Yes. I didn't want to get into this, b/c it gets away from the point and becomes technical, but what we actually compare are the couplings in the energy expansion (the Cn's in the derivative expansion of the effective lagrangian of gravity coupled to whatever matter survives up to the Planck scale) not the uncoupled SM gauge couplings by themselves (which probably are altered by strongly coupled GUT dynamics anyway). The former by construction has the same units, however, there are ambiguities in what one means by this, arising from renormalization scheme differences ... Again its not difficult, but its a bit of a chore to identify b/c there is a tremendous amount of mixing and field redefinitions taking place when you take the counter lagrangian etc.. Especially when you have a large amount of matter species. Suffice it to say, you can show that my statement will hold in some sense.

Anyway lets go over this again from the top. I'm sure you have seen the famous RG log graphs where you have the 3 SM couplings that unify as lines, and the gravitational constant that also unifies about 2 orders of magnitude later from underneath. We both agree that up until the Planck scale, gravity is certainly the weakest force (at least with just the SM + gravity). Good!

What happens when quantum mechanics becomes involved and the expansion becomes strongly coupled?

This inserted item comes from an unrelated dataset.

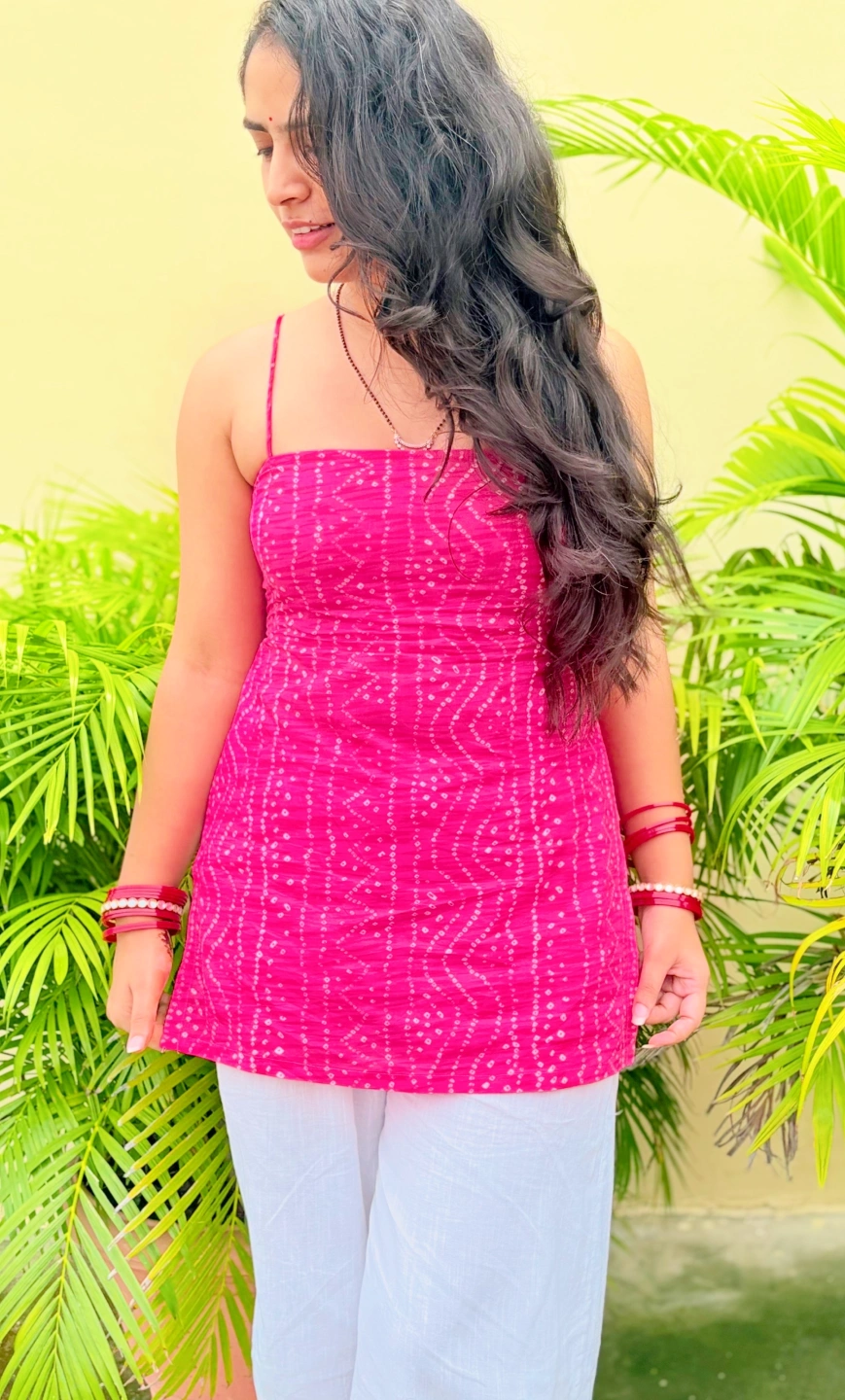 Pink Bandhani Strappy Kurti - Image 2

Well, the previous behaviour of the couplings alters, and a precise description would require calculating the new beta functions of the full Planckian theory (requiring knowledge of whatever physics and matter exists there). Of course a UV completion would completely alter the physics entirely, and it wouldn't make sense to talk about 'gravity' perse anymore. --So I will assume from here on out that we are not doing that and are not introducing new degrees of freedom--

So can we make some guesses as to the behavior? You bet! The first guess is to examine what happens to the effective gravitational coupling constant with the first quantum corrections arises at one loop in the case of pure gravity in the context of graviton graviton scattering. If you read page 13-14 of the Donoghue paper, you will see that he refers to a calculation that gives a correction that is *negative*. The first analytic albeit perturbative evidence that the behaviour actually turns around and becomes weaker again.

Second piece of evidence. In asymptotic safety papers, they find the same exact phenomenon.. EG the weakening of Newtons constant! This is slightly more powerful than the previous result, b/c they are probing some amount of strongly coupled behavior through the method of the exact renormalization group equations.

See Percacci's FAQ and the references he links too

http://www.percacci.it/roberto/physics/as/faq.html

Now the final piece of evidence comes from Nima's paper that I linked earlier.

There the conjecture is claimed to be universal for all BYSM physics that you might include before the Planck scale -its motivated in part with a U(1) but can be generalized to any Nonabelian group that can be higgsed down to the U(1)- They further motivate it with several no go arguments. The point is that if you include new YM forces with absurdly tiny couplings (in such a way that it would actually be weaker than gravity), you are secretely introducing a new intermediate scale in physics, and are conspiring for there to be an infinite tower of very light stable charged particles that are not protected by any symmetry. The nonobservation thereof and theoretical implausibility of such objects is then claimed to be evidence for the conjecture.

So I would say the case is very strong, that gravity always stays the weakest force in our world, or indeed any consistent world with physics like our own.